I think GA gives you a different approach to various areas in physics. For example, in quantum mechanics GA gives you the ability to model processes right through. For what people think of as the collapse of the wave function, in GA you can see that there is a continuous deterministic evolution, which can still be entirely compatible with the predictions of quantum mechanics, but it gives you a different picture. This is more of a dramatic example, but I think in quite general terms when you get a new bit of complex mathematics, looking at it with GA might simplify things. That is quite helpful, it gives you the bravery to actually tackle much more complicated things.

I recall from your talk (GAME2023) that you propose a 64-dimensional space, based upon the space time algebra, which is just the algebra of 4-D space. Two things about that: There are at the moment 61 particles known, could that imply that there might be three more to discover?

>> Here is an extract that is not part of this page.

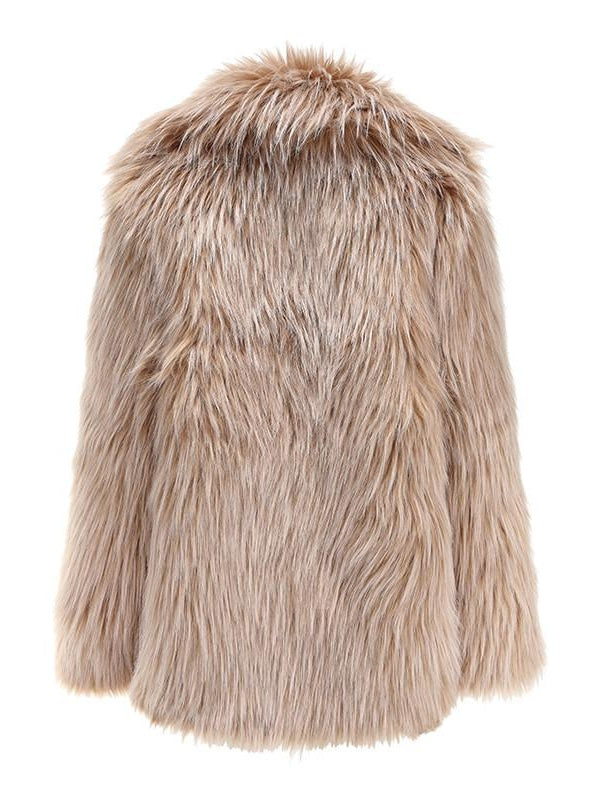 JYOSEI Faux Fur Collar Mid Length Straight Fit Street Style Camel Women Short Coat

Yes, that would be one of the consequences I think, there could be just a few more particles which are being predicted by the GA approach.

There was another physicist some time ago using an 8×8 complex matrix…

…They believed they got a representation of the standard model within the 64-dimensional space of 8×8 complex matrices, but it is virtually impossible to decode it in order to figure out the geometry underlying it. And so using GA, the geometry becomes clear.

How frustrating is it that you have to translate your findings in GA, in which they are obvious, down to the conventional expressions?

I find that one of the hardest parts, particularly in relativity and general relativity, because I find the conventional calculus approach really tedious and conceptually quite difficult in certain places. Whereas the GA approach is much simpler. On the other hand, when we discover something in the GA approach and we want it to get read by a wide variety of people in astronomy and cosmology, we have to try and translate it, which can be one of the hardest parts.

To what extent is it inevitable for physicists to start to adopt GA, space time algebra, like it should be? 

Different people are very good at different things and so there might be some people who will be able to understand things intuitively using the matrix representations. There will always be some amazing people who can look through these deficiencies of whatever mathematical systems they are using, but I think more people will be able to understand these complex things by using GA.